WebRTC and the future of the service industry

When it gets here WebRTC is going to be huge – when that will be is anyone’s guess though. I can see quite a few service providers taking advantage of short, real time video chats with tablets and phones.

Case study:
The concrete sidewalk in front of my house is sinking in spots so I need it lifted. Per usual, I called as many people I could find on Google to quote the job. One company couldn’t make it to my house for two weeks (and their office is all of five miles away!). Once at my house, the estimator took one look at it and said he couldn’t do it. Well, that was a waste of me being home, waste of his time and since they put me off two weeks, it delayed the project. Now had I been able to take my iPad and video it with the estimator watching from the comfort of his office directing me where to point my camera, the whole issue could have been resolved in about a minute.

I see top service providers being able to use WebRTC to increase their service and provide more timely estimates for customers. Of course, nothing beats a service provider being hands on, but for simple yes/no, your project is or is not an emergency, etc., video is perfect. Service providers could simply add on to a customer’s existing service contract to offset the cost.

Here are a couple of services we could see benefiting from WebRTC based on real world situations that have happened to me:

HVAC – if your heat pump is making an odd noise, or you THINK it’s making an odd noise, you can have your technician take a virtual overview of your system. Again, being able to direct the customer on what to point the camera at is very useful as opposed to taking a video, posting it to YouTube and emailing the link to your HVAC company.

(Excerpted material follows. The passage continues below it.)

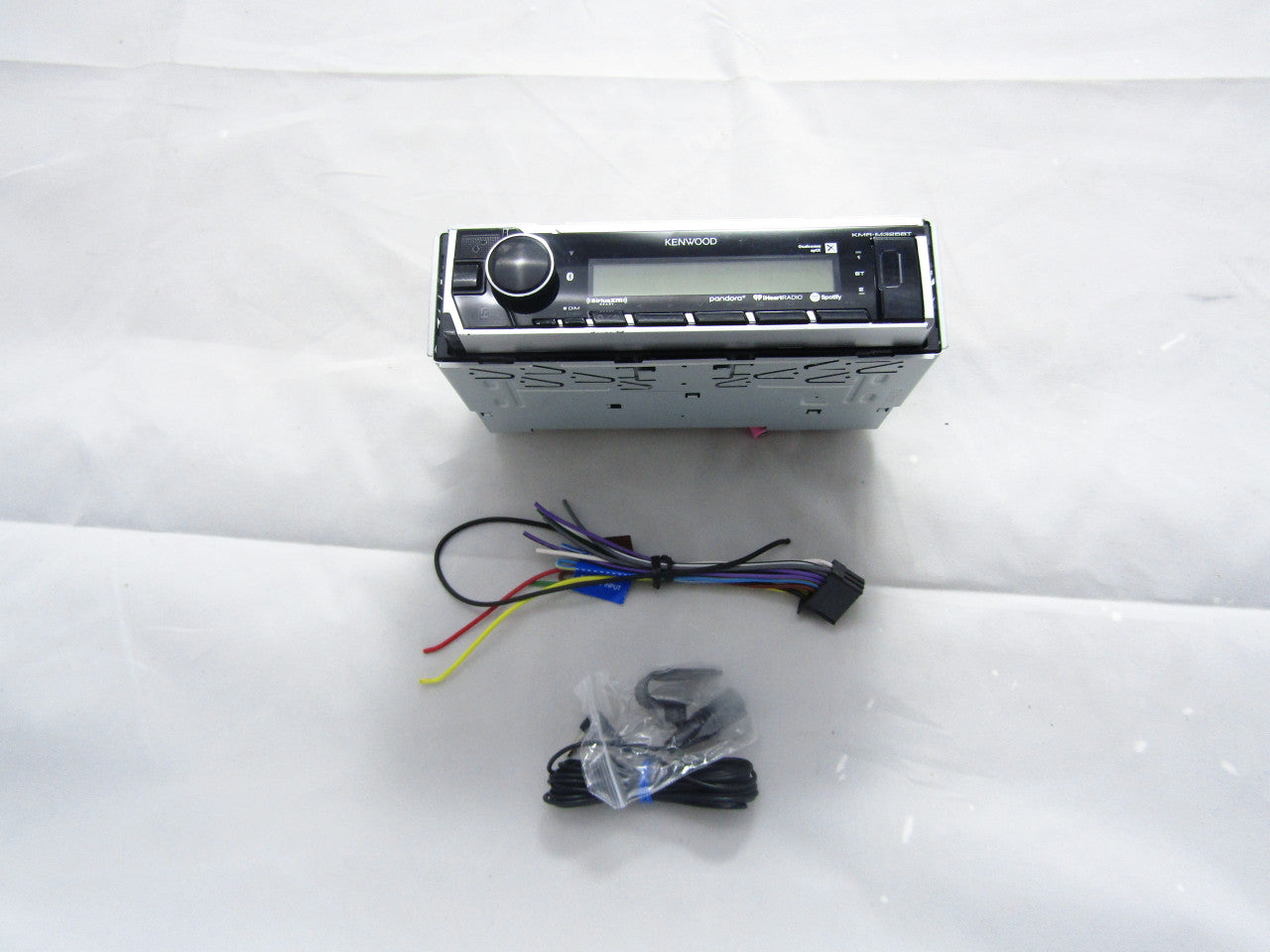 Kenwood KMR-M325BT Marine Digital Media Receiver with Bluetooth VG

General contracting – if you’ve had any work done at your house, it’s not atypical that the GC isn’t around except for the start and end of the job. Typically, the people doing the work aren’t allowed to make subjective judgment calls regarding what it is they are doing, they are just there to do the work. With video chatting on demand, once again you could take your phone or tablet and show the GC what happened as opposed to calling, scheduling a time for them to come out and possibly delay your project.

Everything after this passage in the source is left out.